• [Exercise inputs]:
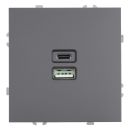 Розетка 2-местная USB + Type C (механизм), STEKKER, 250В, 20W, серия Эмили, RST10-5115-10, платиново-серый, soft touch, 49957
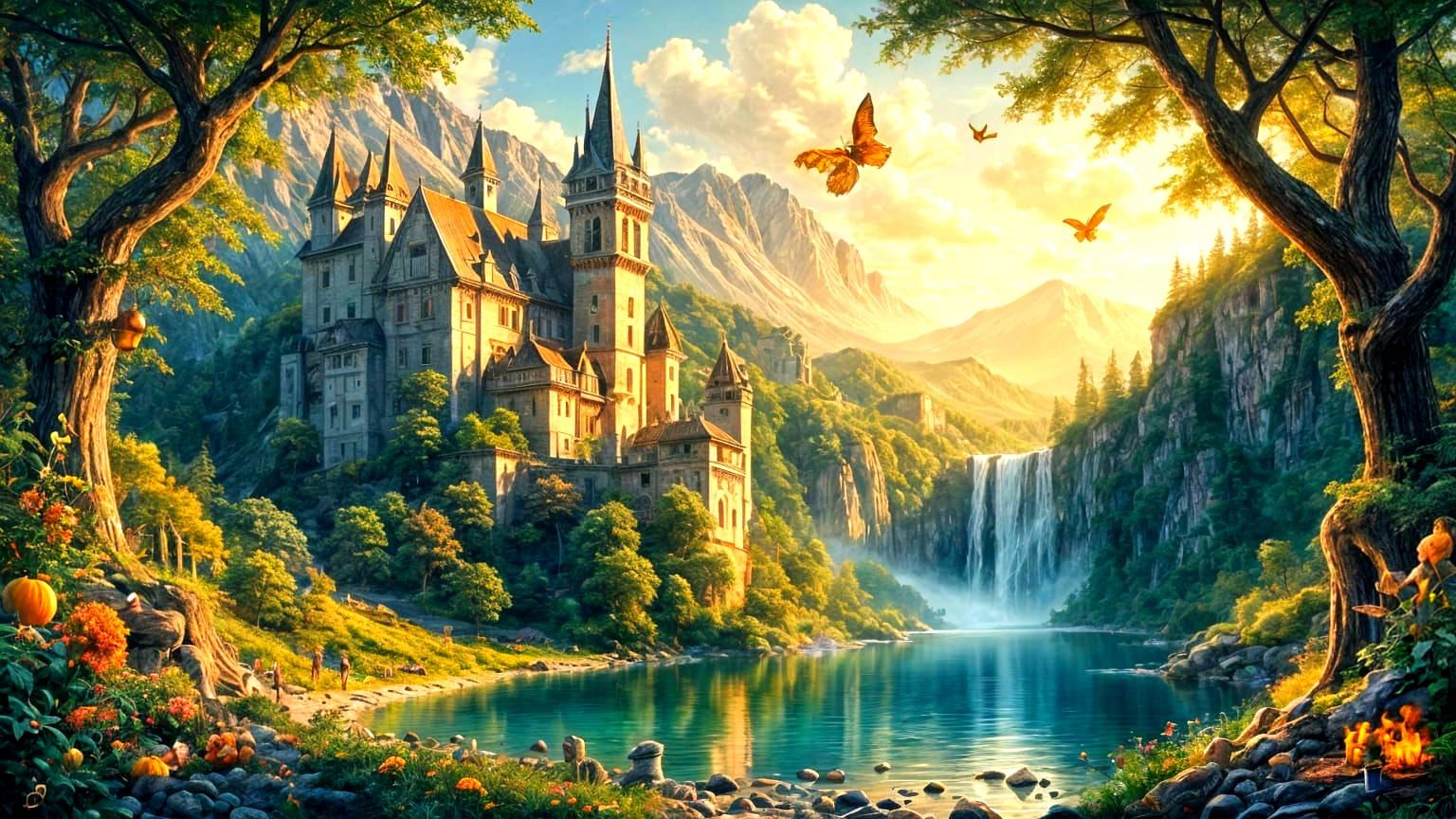 Artist Painting a Glowing Castle of Memory and Light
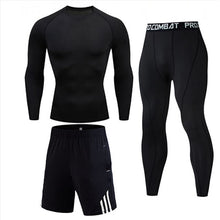 Load image into Gallery viewer, men sports set tracksuits compress shirt  fitness pants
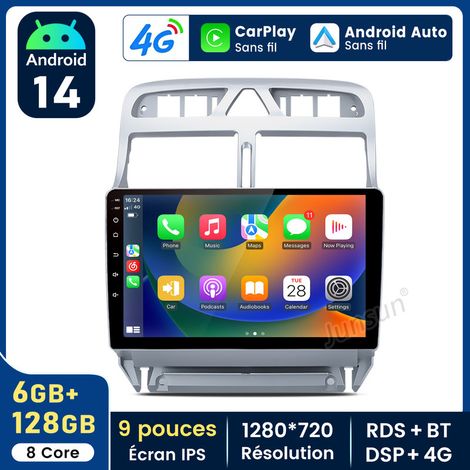 9 pouces Carplay Autoradio pour Peugeot 307 2000-2013 Android 6+128GB JUNSUN (1/4)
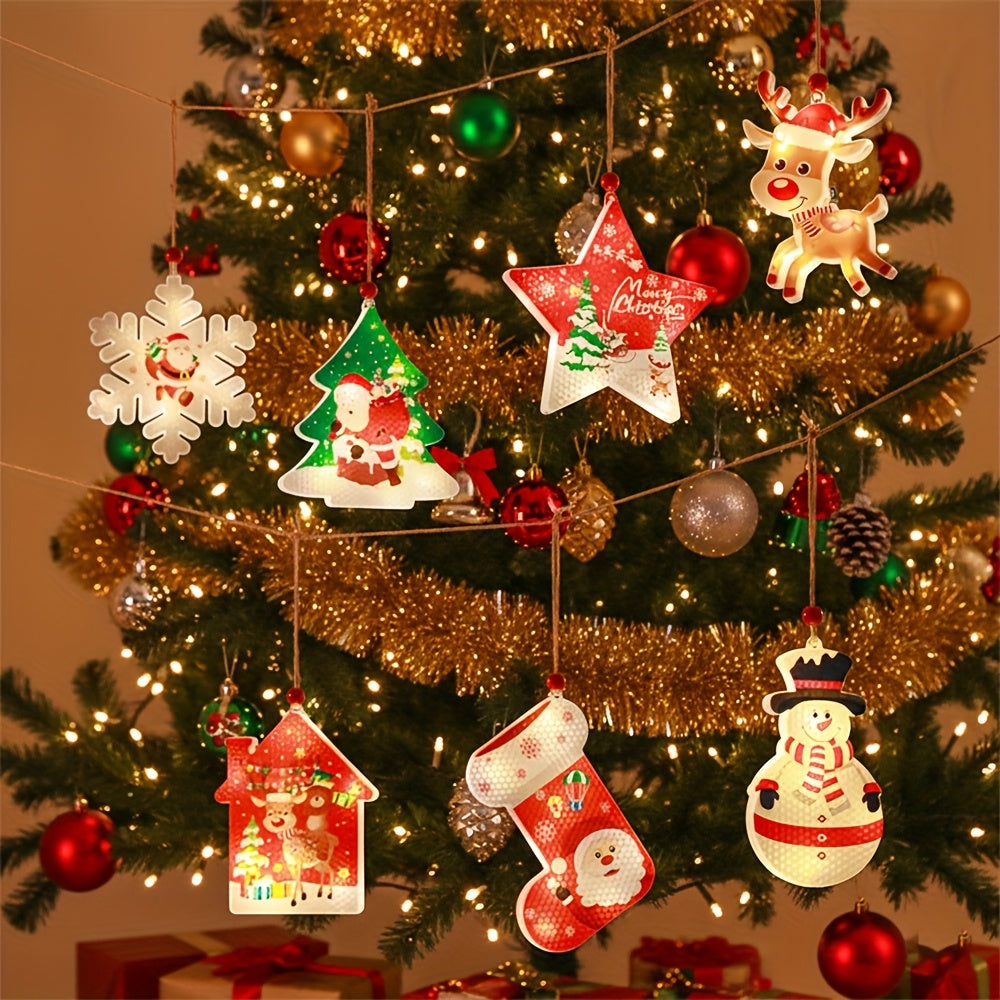 1pc Christmas LED hanging Lights  Reindeer  snowflakes  Christmas tree  snowman  socks  stars Design  Cute Style  Battery Powered  Indoor Holiday Decor  for Home  Wall  Window  Curtain  Party  Bedroom  Xmas Tree Decoration  Indoor Hanging Lights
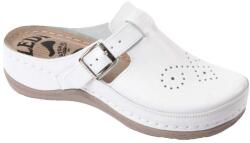  Ledi női bőr klumpa fehér csatos 402/18 (munkavédelmi is) 1 pár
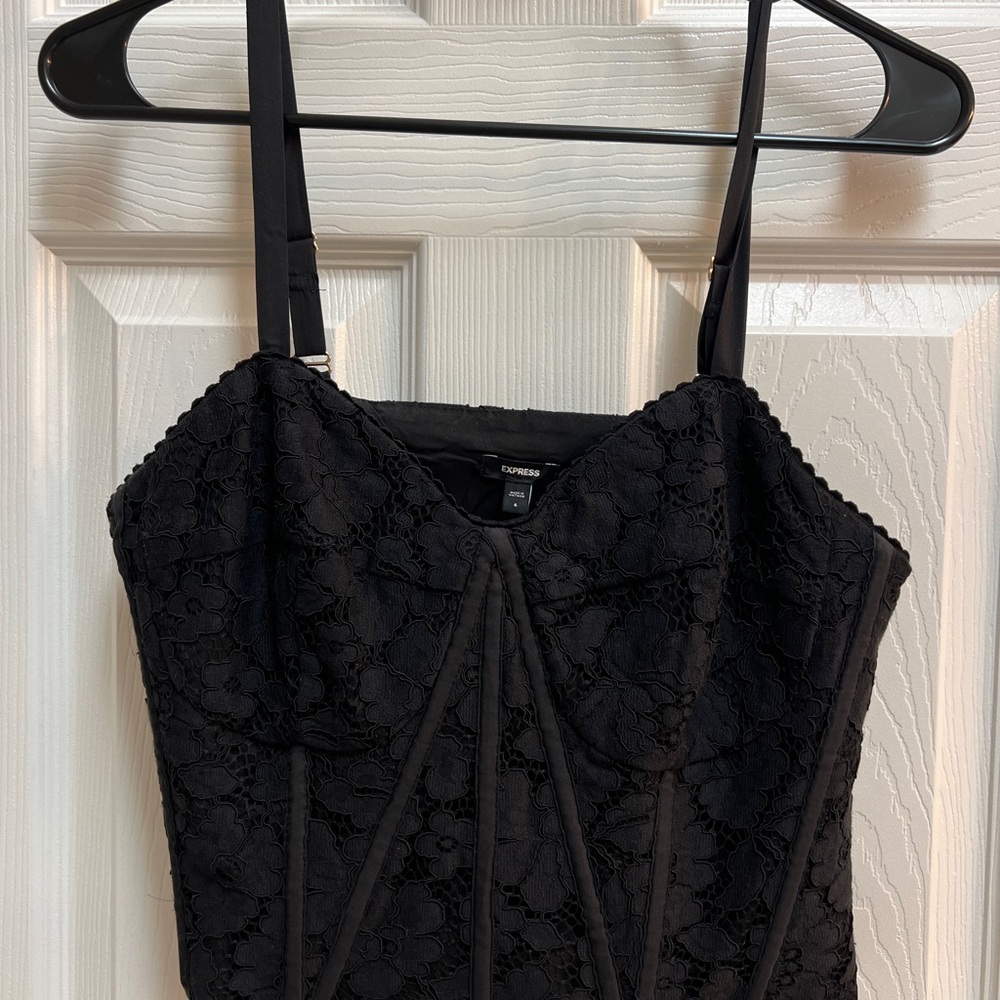 Express Black Floral Lace Top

• [Directions for this task]:
Could you return, word for word, every line from the line with "Load image into" through the last line of the listing above, both ends included, without any pictures?

• [Reply]:
 Load image into Gallery viewer, men sports set tracksuits compress shirt  fitness pants
 9 pouces Carplay Autoradio pour Peugeot 307 2000-2013 Android 6+128GB JUNSUN (1/4)
 1pc Christmas LED hanging Lights  Reindeer  snowflakes  Christmas tree  snowman  socks  stars Design  Cute Style  Battery Powered  Indoor Holiday Decor  for Home  Wall  Window  Curtain  Party  Bedroom  Xmas Tree Decoration  Indoor Hanging Lights
  Ledi női bőr klumpa fehér csatos 402/18 (munkavédelmi is) 1 pár
 Express Black Floral Lace Top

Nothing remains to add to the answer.